If it is proved to the satisfaction of the high court that there is a reasonable likelihood of a contravention of s 11(1) taking place or that there is a reasonable likelihood that a contravention will be continued or repeated, the high court may make the relevant order applied for. It should be noted that s 9 of the Act provides for a review by a board of review of any decision taken by the Registrar by any person aggrieved by the decision. Such a review is confined to the question of whether or not the Registrar, in taking the decision, exercised his or her discretion properly and in good faith. The board of review may after the review confirm, vary or set aside the Registrar’s decision.


[4] The primary definition of ‘the business of a bank’ as defined in s 1, is:

(a) the acceptance of deposits from the general public (including persons in the employ of the person so accepting deposits) as a regular feature of the business in question,’


But the definition is extended in paragraph (e) to include: ‘any other activity which the Registrar has, after consultation with the Governor of the Reserve Bank, by notice in the Gazette declared to be the business of a bank’.

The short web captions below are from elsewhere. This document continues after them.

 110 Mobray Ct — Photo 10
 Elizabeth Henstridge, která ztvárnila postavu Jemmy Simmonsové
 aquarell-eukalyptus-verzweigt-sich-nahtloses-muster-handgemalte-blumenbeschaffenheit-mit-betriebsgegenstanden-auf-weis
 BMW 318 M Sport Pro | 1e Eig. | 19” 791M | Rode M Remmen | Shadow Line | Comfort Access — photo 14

On 27 March 1997, the Registrar, by Notice 498 published in Government Gazette 17895, declared the following ‘business practice’ (defined to include ‘any scheme, practice or method of trading, including any method of marketing or distribution’) to be ‘the business of a bank’:

2. The acceptance or obtaining of money, directly or indirectly, from members of the public, as a regular feature of a business practice, with the prospect of such members (hereinafter referred to as the “participating members”) receiving payments or other money-related benefits, directly or indirectly–


  1. on or after the introduction of other members of the public to the business practice (hereinafter referred to as the “new participating members”), from which new participating members, in their turn, money is accepted or obtained, directly or indirectly, as a regular feature of the business practice, whether or not–


  1. the introduction of the new participating members is limited to their introduction by participating members or extends to the introduction of the new participating members by other persons; or


  1. new participating members are required to acquire movable or immovable property, rights or services;


  1. on or after the promotion, transfer or change of status of the participating members or new participating members within the business practices; or


  1. from funds accepted or obtained from participating members or new participating members in terms of the business practice.

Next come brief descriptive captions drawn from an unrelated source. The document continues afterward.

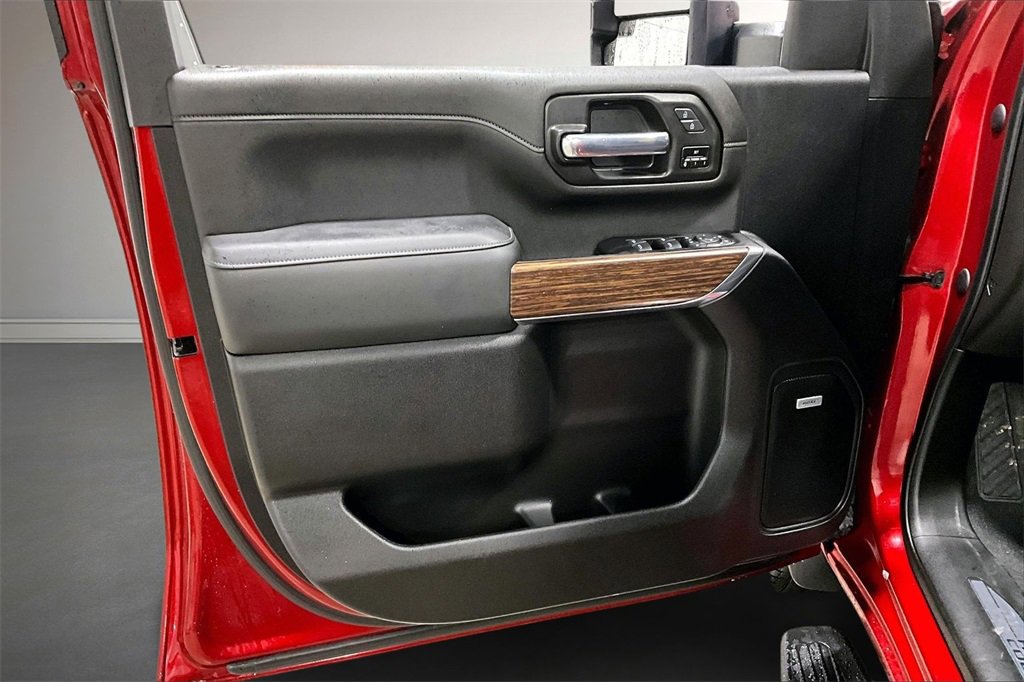 Used 2022 Chevrolet Silverado 3500 High Country w/ Technology Package image 21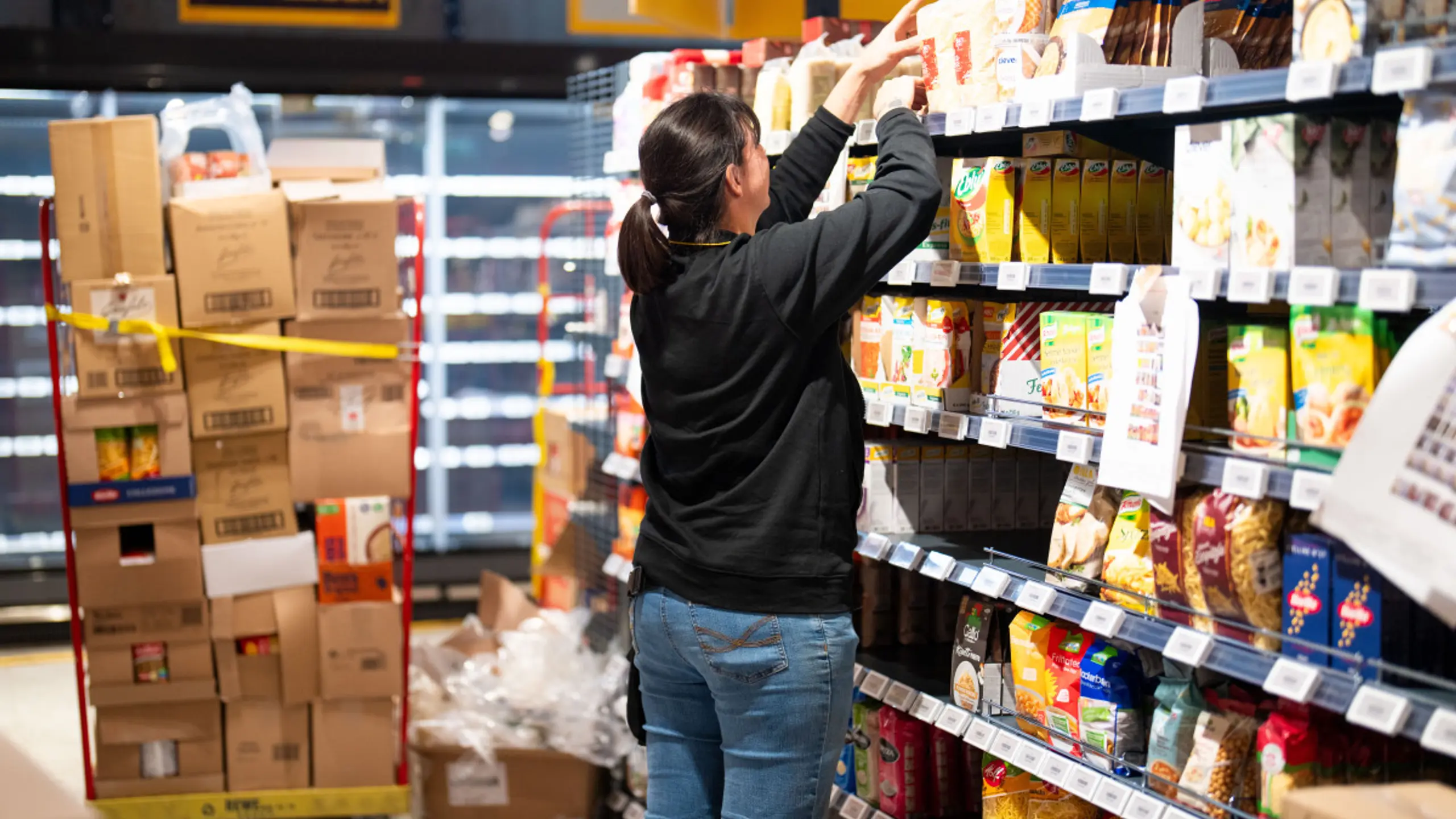 Konsum privater Haushalte bremst, Beschäftigung rückläufig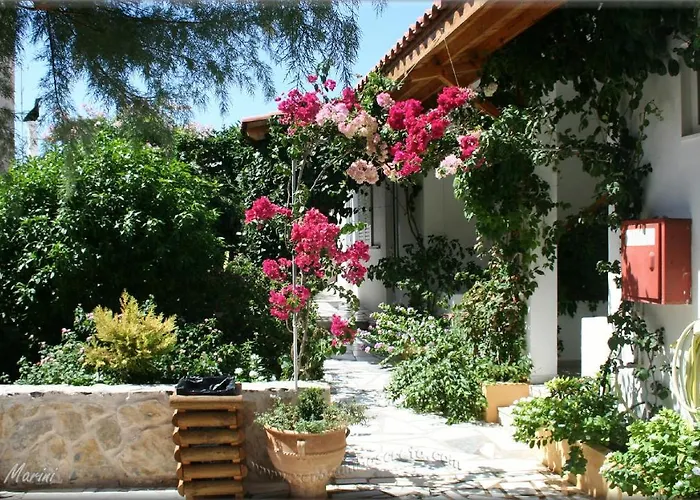 Ampelos Apartment And Studios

3. The soliciting of, or advertising for, directly or indirectly, money and/or persons for introduction into or participation in a business practice as described in paragraph 2 supra.’

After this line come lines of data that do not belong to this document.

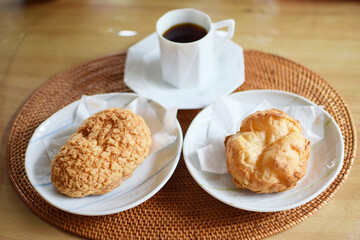 two kinds cream puffs and cup of coffee set / ２種類のシュークリームとブラックコーヒー（斜めアングル）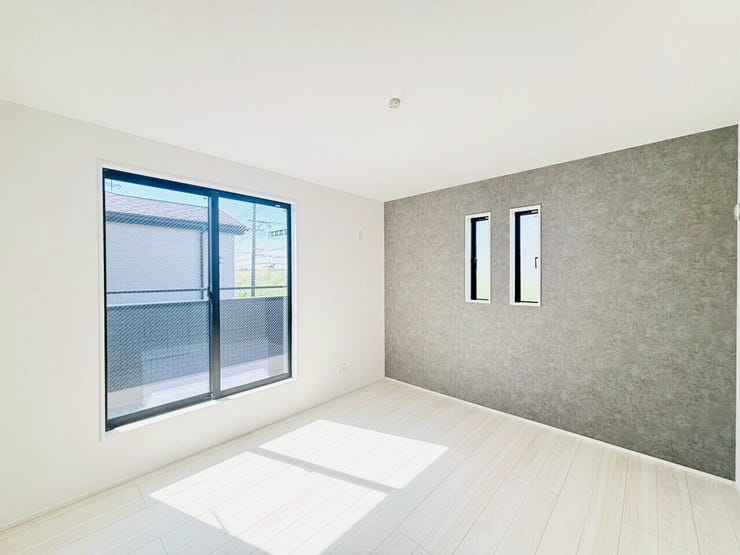 スタイリッシュで高級感のある雰囲気が漂うアクセントクロス♪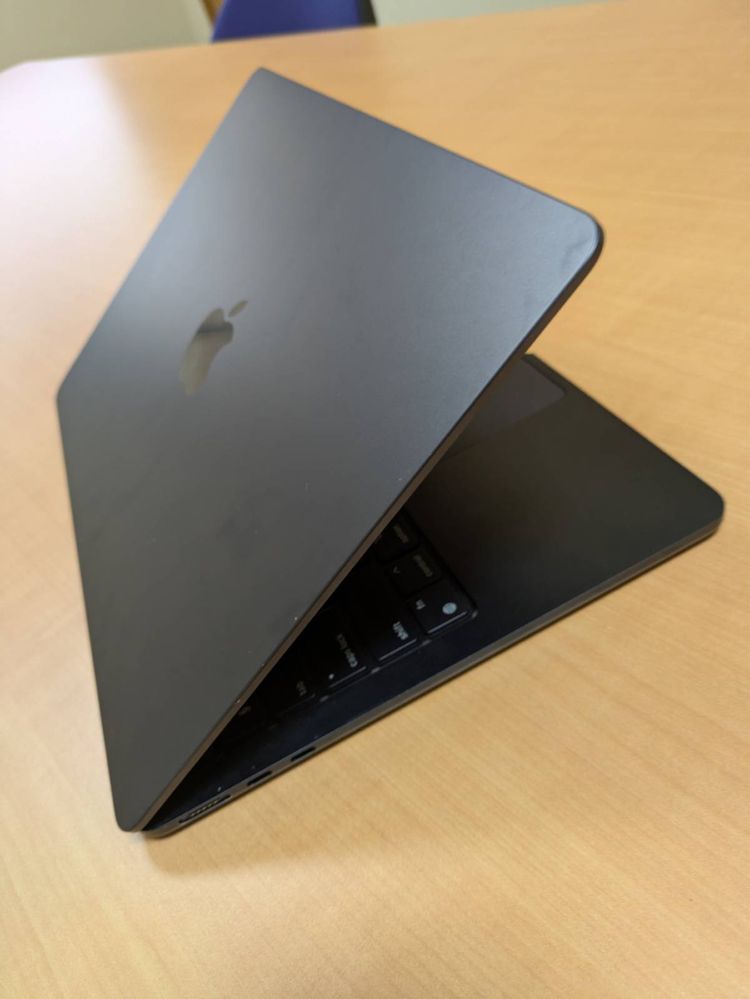 Apple MacBook Air Apple M2/8GB/256GB SSD/13.6" Midnight Blue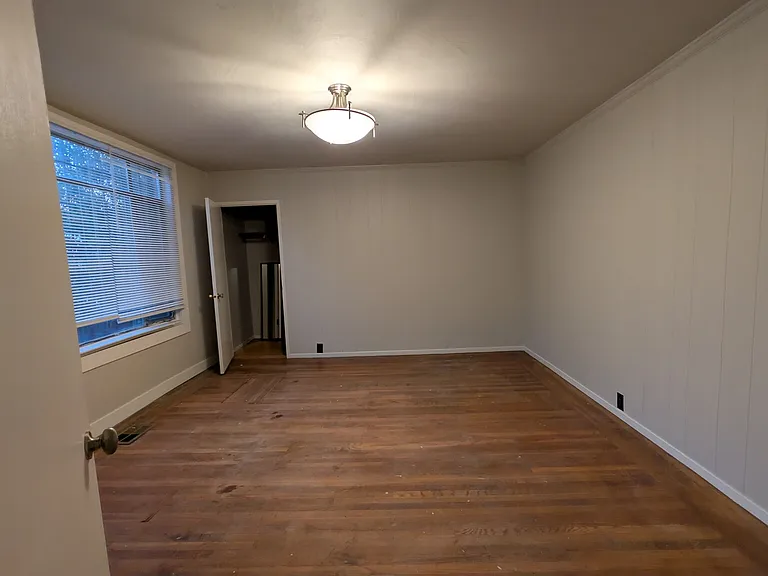 1619 Ashby Ave #1 — Photo 12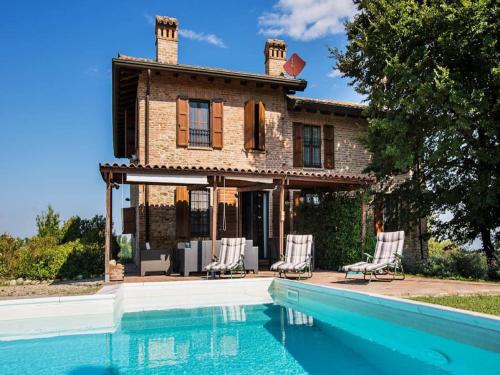 Tabiano Castello House | Sunny holiday home with swimming pool
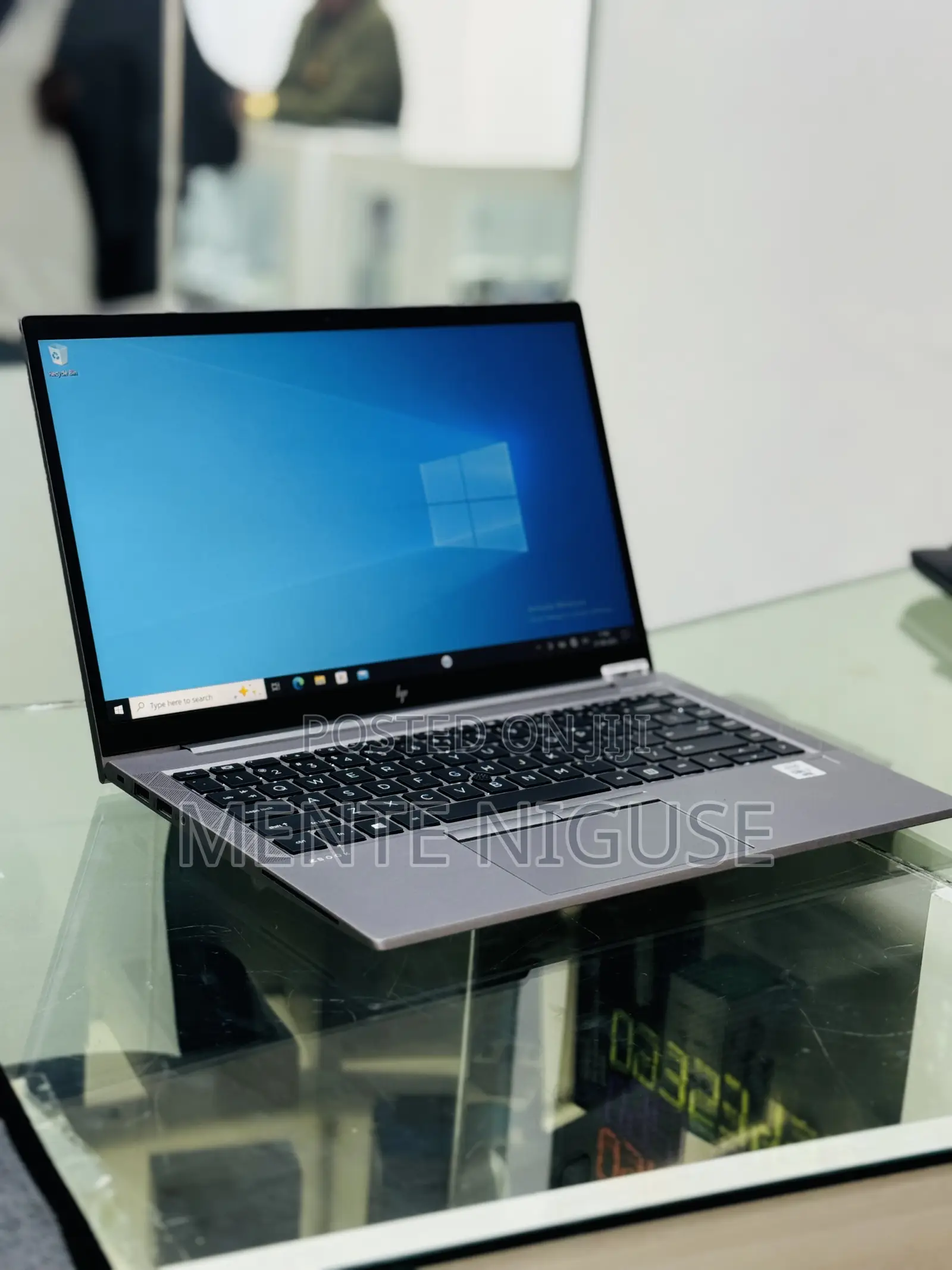 New Laptop HP ZBook Firefly 14 G7 32GB Intel Core I7 SSD 512GB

[5] During April 2009, acting on the instructions of the Governor of the Reserve Bank, the Registrar appointed three employees of PriceWaterhouseCoopers Forensic Services (Pty) Ltd as temporary inspectors to investigate whether the appellants, their directors, members and officers and related persons and entities were conducting the business of a bank in contravention of s 11(1) of the Act. The inspectors ascertained that

(a) the business (known as U-Care) operated by the first appellant operates as a multi-tiered structure (members are referred to as ‘independent contractors’) where members of the public are requested to make monthly contributions to U-Care;

(b) members make a minimum monthly contribution (initially R125, later R165) which is deposited into an Absa account held in the name of the first appellant;

(c) this monthly contribution is utilized as follows:

(i) 60 % is paid back to members as commissions and/or bonuses;

(ii) 20 % is paid to the second appellant, the management company, for ‘administrative expenses’;

(iii) 20 % is donated to charity;

(d) when joining, a member nominates a charity. When 20 members have nominated a charity it is selected to receive donations;

(e) members are paid commissions as a reward for other members they sign up, down to four levels in the tiered structure;

(f) To qualify for commission a member must have three paying members per level;

(g) Commission is paid over four levels totalling R75 (later R125). This is 60 % of the contribution;

(h) The commission is calculated as follows:

(i) first level – R10 commission per member signed up;

(ii) second level – R20 commission per member signed up;

(iii) third level – R30 commission per member signed up;

(iv) fourth level – R15 commission per member signed up;

(i) Commission is only paid down to four levels and there must be three paying members per level. If there are fewer than three paying members on a level, commission is not paid;

(j) Such unpaid commissions are used to pay bonuses;

(k) ‘Clubs’ are also paid bonuses/rewards on a monthly basis:

(i) ‘Club 20’ – R150 per month is paid to members with 20 people in their structure of which four people are on the first level;

(ii) ‘Club 60’ – R500 per month is paid to members with 60 people in their structure of which six people are on the first level;

(iii) ‘Club 100’ – R1 000 per month is paid to members with 100 members in their structure of which ten people are on the first level;

(iv) ‘Club 150’ – R1 500 per month is paid to members with 150 people in their structure of which 15 people are on the first level;

(v) ‘Club 200’ – R2 000 per month is paid to members with 200 members in their structure of which 20 people are on the first level.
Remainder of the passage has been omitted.